Other than just responding to the public comments, are there certain things that they would have to demonstrate to finalize this determination?
The normal process is you have to respond to the most serious and relevant comments. So if the comment says, The claims you’re making about the science are wrong, they’d have to respond to that. The normal course is they come back with a final rule that explains why they’re doing what they’re doing, and why they either didn’t agree with the comments, or they do agree with some of them, and they’ve adapted the proposal.
And as you said, then the lawsuits would start.

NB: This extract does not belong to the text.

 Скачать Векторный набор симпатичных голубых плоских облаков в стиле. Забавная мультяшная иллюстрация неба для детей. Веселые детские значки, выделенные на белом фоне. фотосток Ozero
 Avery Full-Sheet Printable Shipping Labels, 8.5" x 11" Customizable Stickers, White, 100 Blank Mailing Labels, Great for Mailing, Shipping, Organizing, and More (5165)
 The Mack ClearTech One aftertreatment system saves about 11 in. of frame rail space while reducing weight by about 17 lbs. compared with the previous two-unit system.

It doesn’t take effect for 30 days after it’s final. But yes, at that point, they get sued. These rules go to the D.C. Circuit Court of Appeals because that’s what the Clean Air Act says, and usually it would take about a year or so for a D.C. Circuit decision to happen. So now you’re in 2027. You can see the timeline on this stretching out. And if you ultimately think this could go to the Supreme Court, you can imagine that’s another year away. So basically, for the rest of President Trump’s term, you really shouldn’t expect to see enforcement or action on federal climate rules.
Even if the EPA hadn’t taken this step, wouldn’t that still have been the case, since the Trump administration is fighting the power plant rules and the vehicle emissions rules?
Well, you could see them dragging their feet enforcing these standards. Of course, they would get sued if they weren’t enforcing vehicle emission standards against the auto industry. There would be efforts to force them to enforce. But it’s more serious and more long term damage for them to try to rescind the underlying endangerment finding because depending on what the Supreme Court does with that, it could knock out a future administration from trying to bring it back. Now that would be the nuclear option. That would be their best case scenario. I don’t think that’s likely, but it’s possible.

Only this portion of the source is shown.